Choosing a cooking oil can be confusing – here we examine the merits of some of the most popular varieties

By Tom Vandyck January 13, 2016

Most of us have at least a few bottles of cooking oil in our kitchen, but we may not always know what to do with them. Should you fry a steak in olive oil? Does peanut oil work for pastries? Is there anything you can’t do with canola oil?

If all the options confuse you, don’t worry. For the average home cook, there’s no need to own a wide array of cooking oils, according to Willie Loh, vice president of marketing development for Cargill’s fats and oils specialties business.
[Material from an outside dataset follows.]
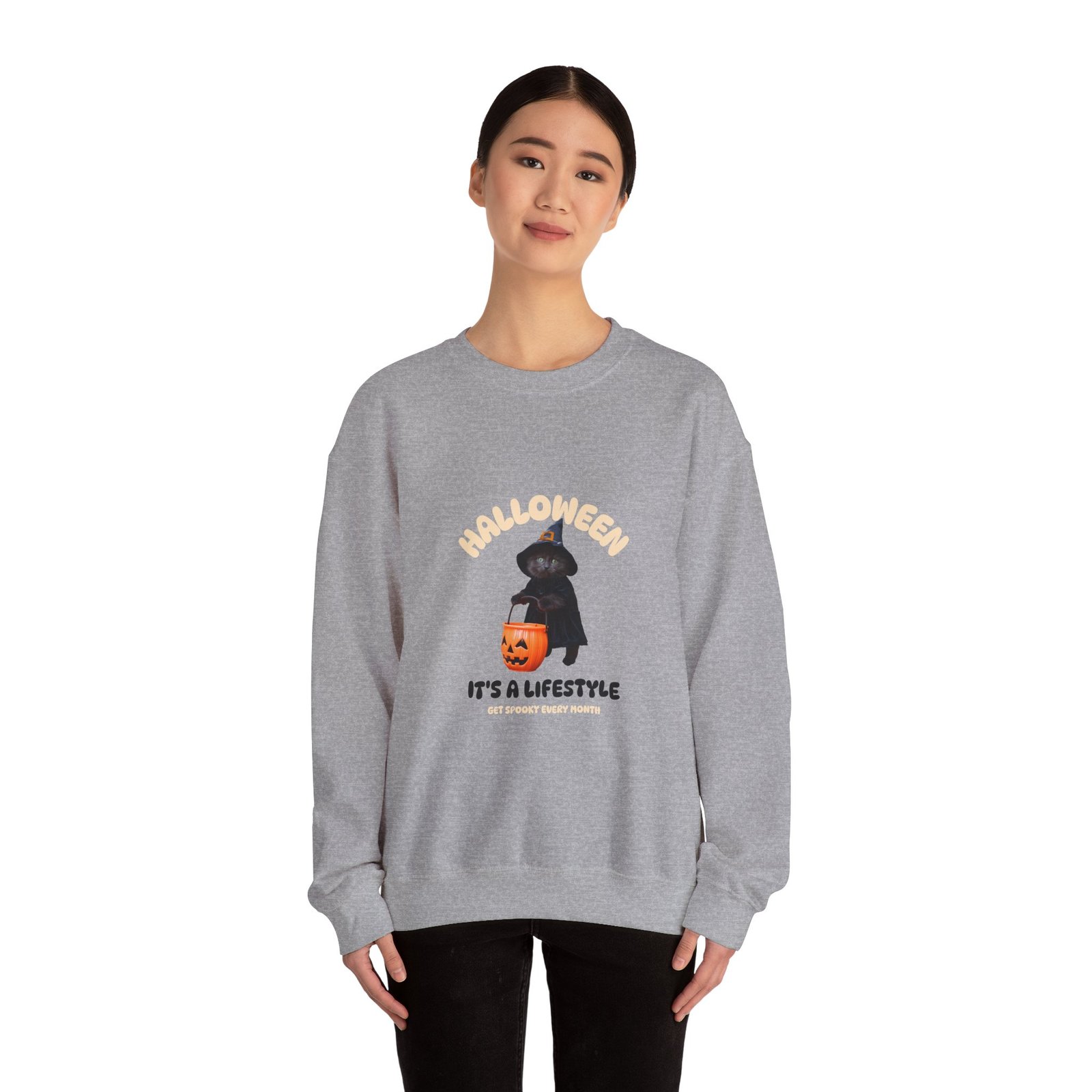 Halloween Lifestyle Cat with Spooky Vibes Design - Sweatshirt - Image 12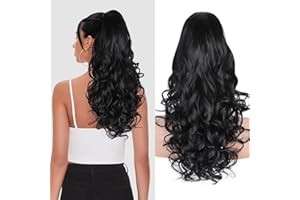 ZQIAN BEAUTY 24 Inch Black Ponytail Extension, Layered Pony Tail Clip on Hair Extension, Soft Wavy Claw Clip in Ponytail Extension, Natural Synthetic Hair Pieces for Women (Color: Black)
“Most people are perfectly fine with a couple basic oils,” he says. “You’ll want an all-purpose oil such as soybean, canola, corn or sunflower oil that you use for standard cooking or dressings. If you do a lot of shallow pan frying, go with something like a peanut oil. And then you’ll want an oil for seasoning, to put some flavor in your food.”

For flavor, extra virgin olive oil, sesame oil or even truffle oil will do the trick, he says. “But you may not want to cook with those oils, because the heat can make the flavor go bad, and it will smoke like crazy.”

Specific uses of oils are very culturally dependent, and often stem from tradition and historic availability.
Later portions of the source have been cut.